[bug report] NVMe/IB: kmemleak observed on 5.17.0-rc5 with nvme-rdma testing

Mon Mar 21 21:58:04 PDT 2022

On Mon, Mar 21, 2022 at 5:25 PM Sagi Grimberg <sagi at grimberg.me> wrote:
>
>
> >>>>> # nvme connect to target
> >>>>> # nvme reset /dev/nvme0
> >>>>> # nvme disconnect-all
> >>>>> # sleep 10
> >>>>> # echo scan > /sys/kernel/debug/kmemleak
> >>>>> # sleep 60
> >>>>> # cat /sys/kernel/debug/kmemleak
> >>>>>
> >>>> Thanks I was able to repro it with the above commands.
> >>>>
> >>>> Still not clear where is the leak is, but I do see some non-symmetric
> >>>> code in the error flows that we need to fix. Plus the keep-alive timing
> >>>> movement.
> >>>>
> >>>> It will take some time for me to debug this.
> >>>>
> >>>> Can you repro it with tcp transport as well ?
> >>>
> >>> Yes, nvme/tcp also can reproduce it, here is the log:
>
> Looks like the offending commit was 8e141f9eb803 ("block: drain file
> system I/O on del_gendisk") which moved the call-site for a reason.
>
> However rq_qos_exit() should be reentrant safe, so can you verify
> that this change eliminates the issue as well?

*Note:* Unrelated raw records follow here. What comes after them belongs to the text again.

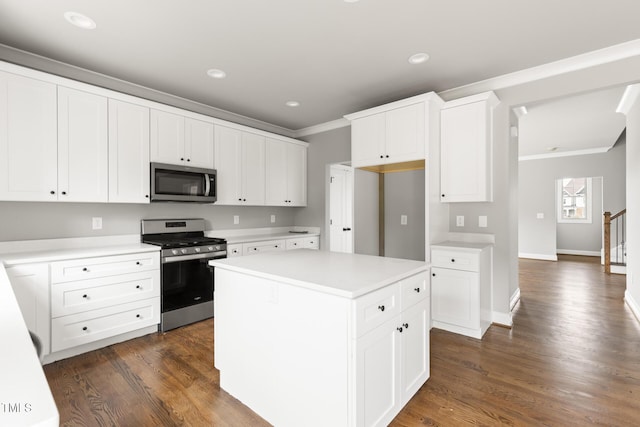 kitchen featuring white cabinets, ornamental molding, a center island, stainless steel appliances, and light countertops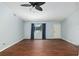 Empty living room featuring hardwood floors, a large window, and a ceiling fan at 10141 Sw 62Nd Terrace Rd, Ocala, FL 34476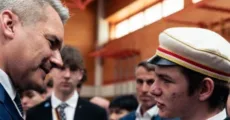 Ein Junger Farbstudent im Gespräch mit Ex-Bundeskanzler Karl Nehammer.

Yes, this change also fixed the kmemleak, thanks.

> --
> diff --git a/block/blk-core.c b/block/blk-core.c
> index 94bf37f8e61d..6ccc02a41f25 100644
> --- a/block/blk-core.c
> +++ b/block/blk-core.c
> @@ -323,6 +323,7 @@ void blk_cleanup_queue(struct request_queue *q)
>
>          blk_queue_flag_set(QUEUE_FLAG_DEAD, q);
>
> +       rq_qos_exit(q);
>          blk_sync_queue(q);
>          if (queue_is_mq(q)) {
>                  blk_mq_cancel_work_sync(q);
> --
>

-- 
Best Regards,
  Yi Zhang